When in Rome ... it’s better in spring

The Trastevere district in Rome at night. PHOTOS: GETTY IMAGES
The Trastevere district in Rome at night. PHOTOS: GETTY IMAGES

Spring in Rome — it’s warm enough to sit outside cafes and bars, and visiting before the crowds arrive in summer means the queues are short, Sarah Turner writes.

Forget Paris in spring: Rome is both warmer and cooler in the first few months of the year. The locals are in their winter black rollneck jumpers, accessorised with equally noir-ish sunglasses. With an average of 17°C by March, it’s warm enough to sit outside cafes and bars, but not hot enough to fall foul of the "no shorts" rule enforced in Rome’s oldest churches.

Inside Villa Farnesina, there is just a handful of people admiring the murals by Raphael, while outside a grove of citrus trees is groaning with fruit. The Caffe Settimiano on nearby Via Garibaldi — where I stop off for my first Aperol spritz of the year — is full of mismatched vintage furniture, attracting equal numbers of Romans and blissed-out American students beginning a semester abroad.

Like other European cities, Rome now has a selection of hotels which aim to offer maximum experience at lower costs. At the newly opened CitizenM Rome Isola Tiberina, there’s no room service, nor are there minibars in the rooms. Instead, CitizenM has a pullout refrigerator drawer and will point you towards the nearest supermarket (there are drinks and food to buy in the lobby). In other ways, serious money has been spent to ensure staying here feels like a treat rather than a trade-down. The hotel group likes designer furniture (the real stuff supplied by Vitra, rather than cheaper copies). It’s in a central part of the city, rather than the suburbs. Crucially, the beds are big and the bedding has experientially high-thread counts.

At these new-style hotels, prices rise and fall with demand. The industry term is "dynamic" — you’ll get the best rates in low season or by booking far ahead, or when they’ve recently opened. CitizenM started in the Netherlands and there’s a tangible egalitarian Dutch ethos at play at breakfast: we’re encouraged to pick up our coffees from the counter and take our trays to a trolley in the corner after we’ve finished, which fits with the "leave as you found it" feel of the place.

My first stop is near the hotel, Pasticceria Boccione on Piazza Costaguti, which is the oldest Jewish bakery in Rome, founded in 1815. There may not be a sign outside, but there’s always a queue for its pizza ebraica, a charred-looking, phenomenally delicious pastry, with candied fruits, almonds and raisins held together with dough. Afterwards, I wander, nip into churches, window shop for cassocks and vestments (Rome has many shops selling religious clothing) and stop off at Beppe e i Suoi Formaggi, a cheesemonger that also serves natural wine, on Via di Santa Maria del Pianto.
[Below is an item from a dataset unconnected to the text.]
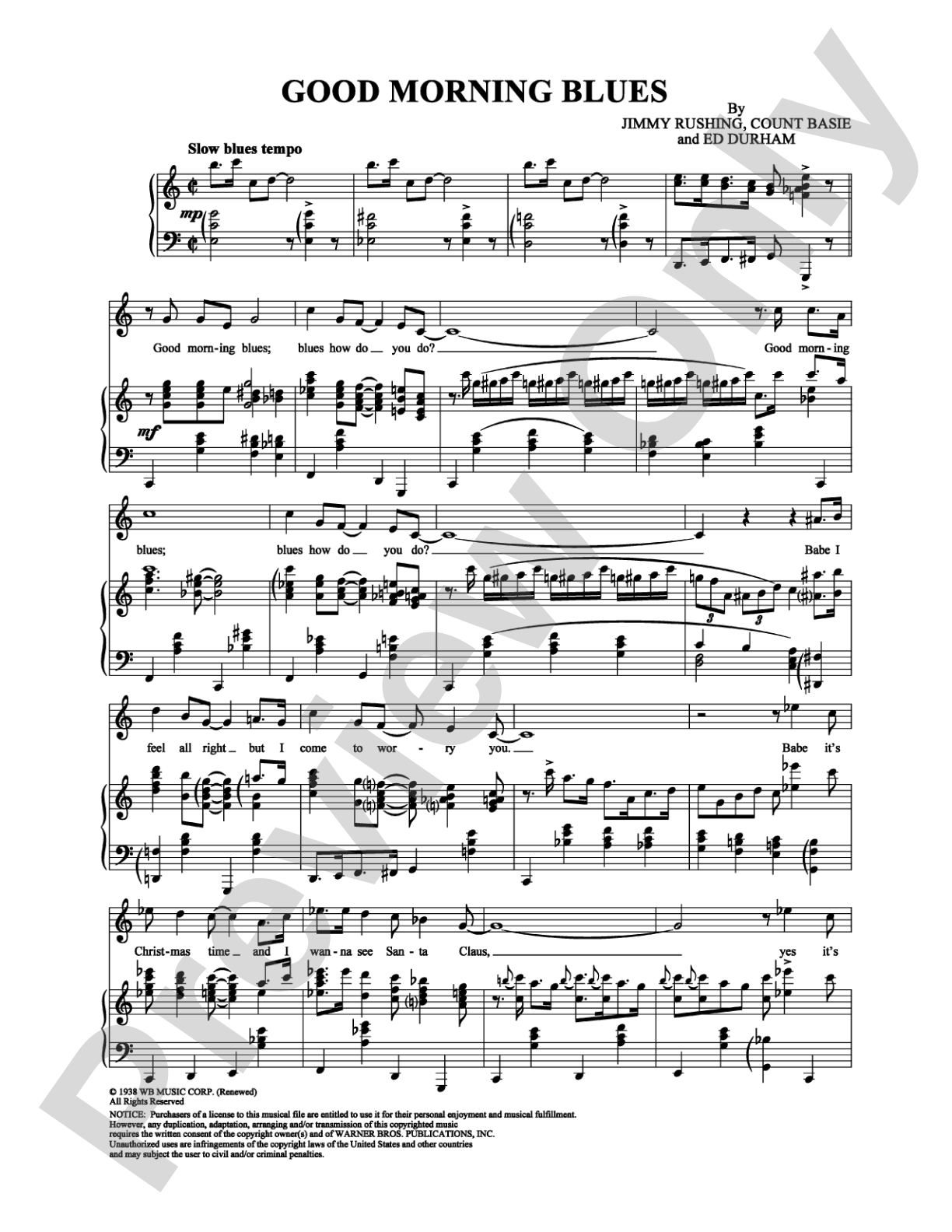 Good Morning Blues: Piano/Vocal/Chords Digital Sheet Music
Queues for the Pantheon are short in spring.
Queues for the Pantheon are short in spring.
Visiting before the crowds in summer means that the queues for the Pantheon are short but, in fact, most of Rome’s joys — churches apart — aren’t behind walls. The city is studded with ancient remains, lovely in the late afternoon sun, but even more beautiful at twilight, when there are few tourists around. A five-minute walk away from the hotel, I come across the Portico d’Ottavia, built by Emperor Augustus circa 20BC, now with walkways where you can just wander between columns and ancient arches, while surrounded by houses and apartments.